Activity » Restate every line of the material below word for word, skipping the images.
=== Section Start ===
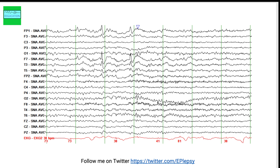In your clinical correlation, you would say these findings are suggestive of a focal disturbance of cerebral function involving the left frontal temporal head region, and correlation with neuroimaging is recommended. You would also note that considering the sharp wave discharges in the left frontal temporal head region, this person is at high risk of having ongoing seizures.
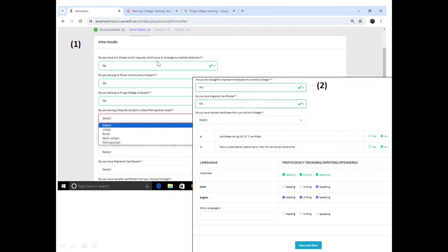You will be asked: 'Do you have any illness which requires continuous or emergency medical attention?' Answer yes or no. Then fill in your residential status — rural, semi-urban, or metropolitan area. You will also be asked whether you have a migration certificate, which applies to students from ICSE/CBSE boards or other universities.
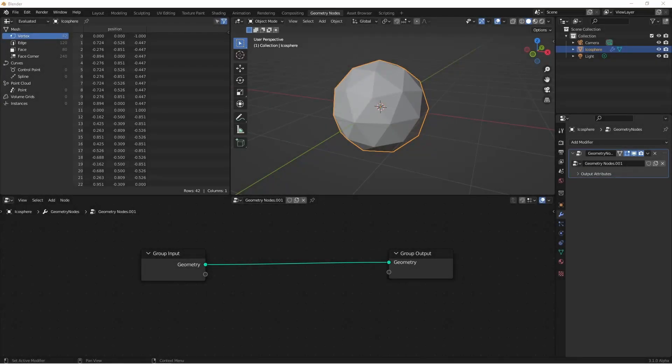Hey everybody, Johnny here. In this video, we're going to take a look at the different types of field inputs that are available to you in Blender 3.0 Beta.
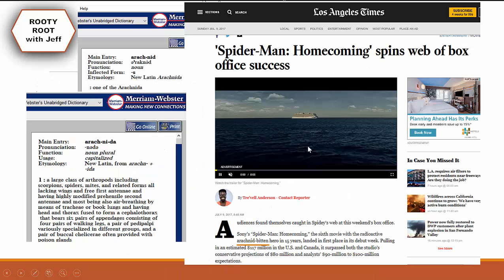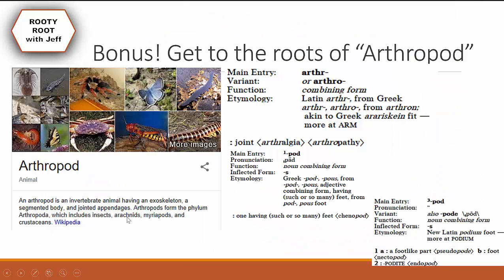Moving on — time for roots in the news. From the Los Angeles Times: 'arachnid bitten'. Arachnid is our root today; arachnid is just another way to say spider. It's one of the Arachnida, and in the definition right after scorpion it references spiders. It's kind of funny because if you watch the movie, at the end there's a super villain whose name is Scorpion, and I think he's going to appear in the next movie — sorry, I didn't give you a spoiler alert but I just couldn't help myself.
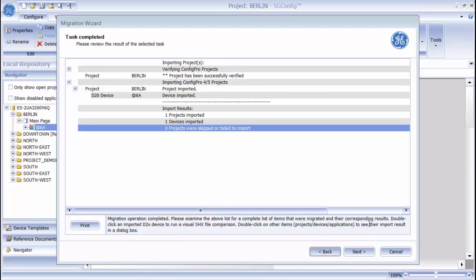And the migration process is now complete. You can see a log here showing all of the devices that were brought over. No errors are reported, so I can now close the wizard.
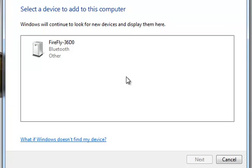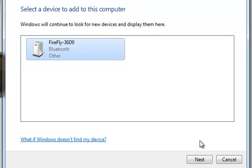I select the Shimmer, as denoted by the name Firefly, and click Next.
=== Section End ===
Exercise response »
In your clinical correlation, you would say these findings are suggestive of a focal disturbance of cerebral function involving the left frontal temporal head region, and correlation with neuroimaging is recommended. You would also note that considering the sharp wave discharges in the left frontal temporal head region, this person is at high risk of having ongoing seizures.
You will be asked: 'Do you have any illness which requires continuous or emergency medical attention?' Answer yes or no. Then fill in your residential status — rural, semi-urban, or metropolitan area. You will also be asked whether you have a migration certificate, which applies to students from ICSE/CBSE boards or other universities.
Hey everybody, Johnny here. In this video, we're going to take a look at the different types of field inputs that are available to you in Blender 3.0 Beta.
Moving on — time for roots in the news. From the Los Angeles Times: 'arachnid bitten'. Arachnid is our root today; arachnid is just another way to say spider. It's one of the Arachnida, and in the definition right after scorpion it references spiders. It's kind of funny because if you watch the movie, at the end there's a super villain whose name is Scorpion, and I think he's going to appear in the next movie — sorry, I didn't give you a spoiler alert but I just couldn't help myself.
And the migration process is now complete. You can see a log here showing all of the devices that were brought over. No errors are reported, so I can now close the wizard.
I select the Shimmer, as denoted by the name Firefly, and click Next.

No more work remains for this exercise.